- _EXERCISE_:
Once you find the line with "HotWheels Fast &" in the data that follows, repeat it and every line after it exactly, through the line with "Newstar Transparent Monitor".

- _TASK INPUT_:

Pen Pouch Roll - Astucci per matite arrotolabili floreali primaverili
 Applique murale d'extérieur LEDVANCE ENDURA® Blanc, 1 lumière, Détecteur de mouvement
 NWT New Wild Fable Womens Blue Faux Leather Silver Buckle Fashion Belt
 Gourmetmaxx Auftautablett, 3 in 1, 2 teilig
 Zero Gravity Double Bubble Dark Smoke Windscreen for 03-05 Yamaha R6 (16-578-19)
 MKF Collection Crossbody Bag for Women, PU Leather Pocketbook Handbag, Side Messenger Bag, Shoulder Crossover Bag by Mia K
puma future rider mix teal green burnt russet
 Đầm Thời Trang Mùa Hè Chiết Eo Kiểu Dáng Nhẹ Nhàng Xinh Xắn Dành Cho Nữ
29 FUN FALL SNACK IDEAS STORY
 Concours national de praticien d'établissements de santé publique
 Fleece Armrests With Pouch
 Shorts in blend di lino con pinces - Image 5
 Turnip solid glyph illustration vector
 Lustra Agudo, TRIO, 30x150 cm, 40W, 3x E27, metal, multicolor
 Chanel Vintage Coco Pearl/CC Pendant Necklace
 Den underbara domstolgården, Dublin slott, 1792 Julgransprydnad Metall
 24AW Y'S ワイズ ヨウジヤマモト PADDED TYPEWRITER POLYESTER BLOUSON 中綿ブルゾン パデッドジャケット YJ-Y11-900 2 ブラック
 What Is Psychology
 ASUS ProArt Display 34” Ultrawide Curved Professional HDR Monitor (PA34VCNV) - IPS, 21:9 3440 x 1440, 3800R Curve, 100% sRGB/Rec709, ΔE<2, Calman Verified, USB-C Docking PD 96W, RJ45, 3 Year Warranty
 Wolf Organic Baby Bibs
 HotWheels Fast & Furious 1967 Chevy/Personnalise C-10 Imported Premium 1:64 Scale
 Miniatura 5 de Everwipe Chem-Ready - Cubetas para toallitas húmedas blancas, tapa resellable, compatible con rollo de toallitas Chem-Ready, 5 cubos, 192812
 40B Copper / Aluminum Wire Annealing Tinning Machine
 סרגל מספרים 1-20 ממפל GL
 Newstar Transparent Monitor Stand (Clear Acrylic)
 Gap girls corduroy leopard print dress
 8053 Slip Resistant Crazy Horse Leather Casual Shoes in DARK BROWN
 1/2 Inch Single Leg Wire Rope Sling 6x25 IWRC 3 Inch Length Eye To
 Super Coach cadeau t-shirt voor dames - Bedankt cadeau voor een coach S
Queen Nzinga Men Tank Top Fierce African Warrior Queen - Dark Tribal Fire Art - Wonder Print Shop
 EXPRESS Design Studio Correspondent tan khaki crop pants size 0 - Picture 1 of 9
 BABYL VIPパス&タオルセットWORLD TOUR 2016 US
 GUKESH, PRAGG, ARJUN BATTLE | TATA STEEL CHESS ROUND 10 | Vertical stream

- _ANSWER SECTION_:
 HotWheels Fast & Furious 1967 Chevy/Personnalise C-10 Imported Premium 1:64 Scale
 Miniatura 5 de Everwipe Chem-Ready - Cubetas para toallitas húmedas blancas, tapa resellable, compatible con rollo de toallitas Chem-Ready, 5 cubos, 192812
 40B Copper / Aluminum Wire Annealing Tinning Machine
 סרגל מספרים 1-20 ממפל GL
 Newstar Transparent Monitor Stand (Clear Acrylic)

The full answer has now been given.